Supreme Court Justice Antonin Scalia died on Saturday, leaving a conservative position on the US' highest court open and adding a new dimension to the country's November election.
Scalia, a conservative bulwark and fierce intellect, died at a resort in Texas of an apparent heart attack, aged 79. He had a tremendous influence over American law since his appointment to the Supreme Court in 1986.
Tributes have been pouring in for the judge, but one of the most unique has been from fellow Justice Ruth Bader Ginsberg.
Although the two couldn't have been more different in their politics, Ginsberg and Scalia were close friends who derived pleasure from intellectual debate and a shared love of opera (a parody production called 'Scalia/Ginsberg' premiered last year).
Her words show just how important it is to surround yourself with friends who don't necessarily agree with you: Ginsberg said Scalia was one of her "best buddies" precisely because he challenged her to be better at her job.
Toward the end of the opera Scalia/Ginsburg, tenor Scalia and soprano Ginsburg sing a duet: 'We are different, we are one,' different in our interpretation of written texts, one in our reverence for the Constitution and the institution we serve.

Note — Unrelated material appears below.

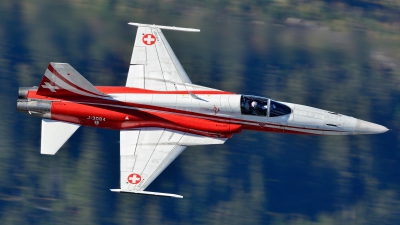 Photo ID 85003 by FEUILLIN Alexis. Switzerland Air Force Northrop F 5E Tiger II, J 3084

From our years together at the D.C. Circuit, we were best buddies. We disagreed now and then, but when I wrote for the Court and received a Scalia dissent, the opinion ultimately released was notably better than my initial circulation. Justice Scalia nailed all the weak spots — the 'applesauce' and 'argle bargle' — and gave me just what I needed to strengthen the majority opinion.
He was a jurist of captivating brilliance and wit, with a rare talent to make even the most sober judge laugh. The press referred to his 'energetic fervour,' 'astringent intellect,' 'peppery prose,' 'acumen,' and 'affability,' all apt descriptions. He was eminently quotable, his pungent opinions so clearly stated that his words never slipped from the reader’s grasp.
Justice Scalia once described as the peak of his days on the bench an evening at the Opera Ball when he joined two Washington National Opera tenors at the piano for a medley of songs. He called it the famous Three Tenors performance. He was, indeed, a magnificent performer. It was my great good fortune to have known him as working colleague and treasured friend.